Police were searching for the gunman, described as a Black man with a "heavy build" and who was wearing a green "construction-type vest" and gray hooded sweatshirt, Sewell said Tuesday.
New York Gov. Kathy Hochul urged residents to stay vigilant at Tuesday's news conference and called the incident an "active shooter situation."
"This individual is still on the loose," she said. "This person is dangerous."
In an interview with NY1, Adams said the gunman "appeared to have a planned approach to terrorize our system."

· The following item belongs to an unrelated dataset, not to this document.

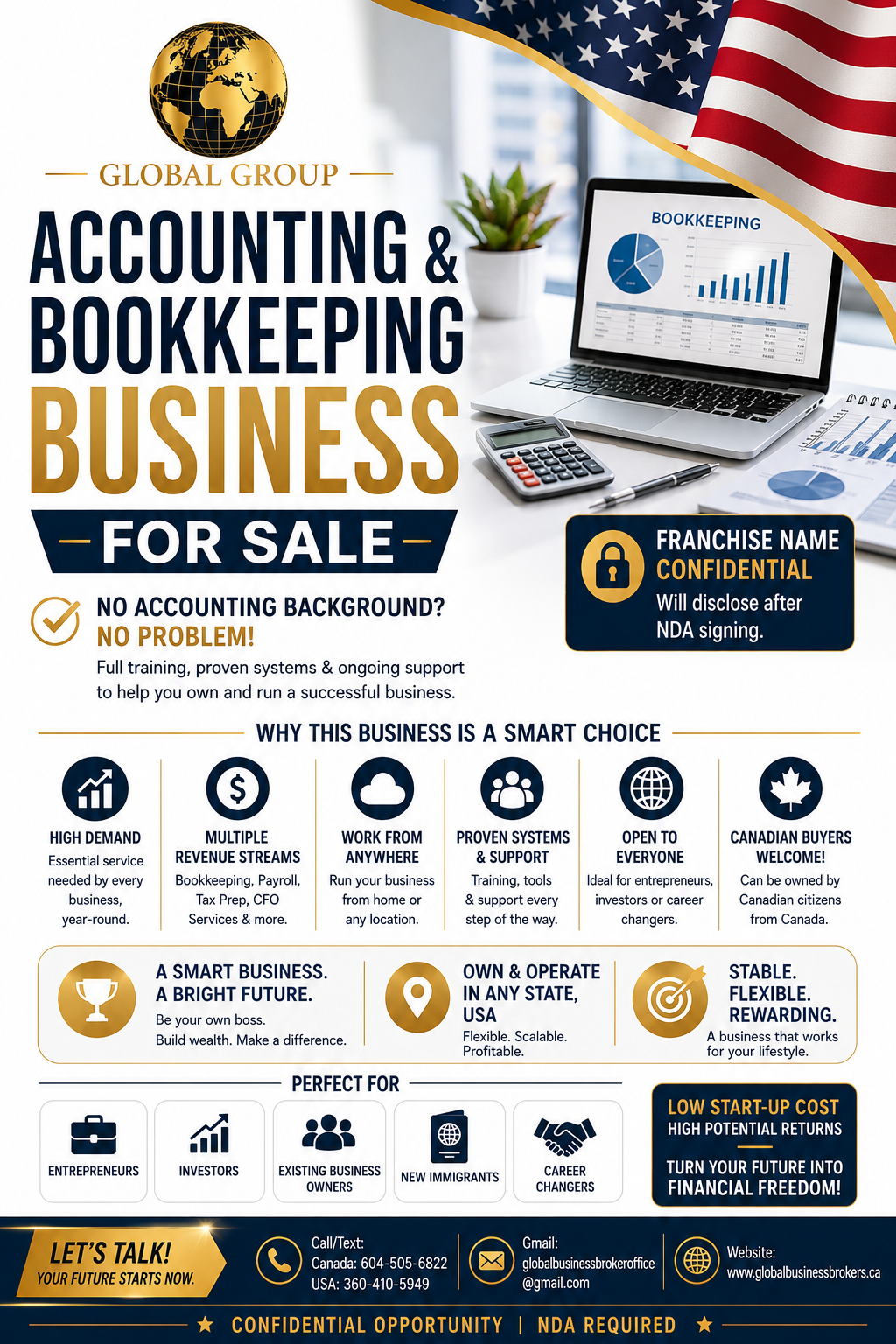 Accounting & Bookkeeping Business in all USA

"Getting into the source of why he did what he did, that is something that's going to come out after this investigation is completed," Adams said. "We're taking nothing off the table. We need to apprehend the person, dig into their background and get the details to give the proper classification."
There were 16 people injured in the attack, including 10 people who were shot, said Laura Kavanagh, first deputy commissioner of New York City Fire Department, at a Tuesday news conference. Other injuries resulted from smoke inhalation, shrapnel and "panic," Kavanagh said.
Five of the victims were in critical but stable condition. There were no life-threatening injuries, Sewell said.
No Metropolitan Transportation Authority workers were injured, the New York's Public Transit Union said in a statement.
Sewell said the attack is not currently being investigated as an act of terrorism but did not elaborate.
"We do not know the motive at this time, but we're not ruling anything out," she said.
William Bratton, a former New York Police Department commissioner, said evidence that the attacker may have been motivated by an ideological or political motive may surface later in the investigation, adding that the attack took place in a predominantly Asian community amid a recent rise in violence against Asian American communities.